Tams Bixby, a Minnesotan, became chairman of something called the Dawes Commission in 1903, as its founder Henry Dawes took ill. “Henry Dawes may have given the commission its name, but Tams Bixby defined its character and would serve as its leader during the critical period of enrollment and allotment, and he would make the daily decisions that affected the life and future of all of the people in Indian Territory,” Kent Canter wrote in the Dawes Commission And the Allotment of the Five Civilized Tribes, 1893-1914.

The Dawes Commission was a government body designed to persuade the Creek, Cherokee, Seminole, Chickasaw and Choctaw Nations (once called the Five Civilized Tribes) to abandon the communal land ownership system they had long used and to divide the land into allotments that would belong to individuals. In order to complete that process, the commission had to determine who belonged to each tribe, a question Dawes and then Bixby sought to answer using ancestral bloodlines.
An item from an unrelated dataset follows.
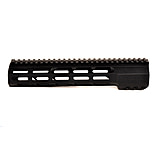 Image of Killer Innovations Icon Defense 308 Drive Lock Hanguard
But, as Sandy Grande, director of the Center for the Critical Study of Race and Ethnicity at Connecticut College, wrote in Red Pedagogy: Native American Social and Political Thought, “Since there was no ‘scientific’ means of determining precise bloodlines, commission members often ascribed blood status based on their own racist notions of what it meant to be Indian—designating full-blood status to ‘poorly assimilated’ Indians and mixed blood status to those who most resembled whites.” The decisions, made by the commission and not by members of the tribe, determined who got which land, and still have ramifications for tribal membership today. Crucially, any land left over once the tribal territories were divided would be available for the U.S. government, and in turn to white settlers. This process would lead to these Nations losing more than 100 million acres of land—land they were promised would be theirs and theirs alone.

Until I started writing a book about the history of Black citizens of the Creek Nation, I did not know that the town of Bixby, on the outskirts of my childhood home, was named in honor of the man who led this devastating effort. My teachers never told me about him, likely because they weren’t given the chance to weigh the full measure of history either.

On July 3, in the shadow of Mt. Rushmore, President Trump said, “As we meet here tonight there is a growing danger that threatens every blessing our ancestors fought so hard for.” He then doubled down, saying, “Our nation is witnessing a merciless campaign to wipe out our history, defame our heroes, erase our values and indoctrinate our children.”

Children are being indoctrinated, but not in the way Trump suggests. Instead, they are being fed an uncomplex version of history—one that minimizes the experiences of those on the margins to turn white men who did evil things into heroes. The name Bixby had become so common in my area that we didn’t think about where it came from. That’s why we tear down, rename and rethink. We do it to tell the whole story, not just the parts that make us feel good. Perhaps we need to do this not just for statues and monuments and schools and sports teams but for cities and counties too. Perhaps we should begin again with the full weight of history upon which we stand.

It’s not just Bixby, of course. In Oklahoma, Jackson County is named for Confederate General Stonewall Jackson, while Roger Mills County is named for Roger Q. Mills, a U.S. senator who served in the Confederate Army and had ties to the Ku Klux Klan. I’ve driven through both of them without even thinking about the origins of their names. Likewise, Stephens County, Texas, was named after Alexander Stephens, the Vice President of the Confederate States, and his boss, Jefferson Davis, has counties named in Texas, Georgia and Mississippi as well as a parish in Louisiana. People who marginalized and oppressed didn’t just affect those who lived at the time–Bixby’s actions, along with so many others’, caused the Creek Nation to lose the jurisdictional power they just, in part, won back–and the places that bear their names should no longer remain without scrutiny.

History demands that we remember all of it or it isn’t true history at all.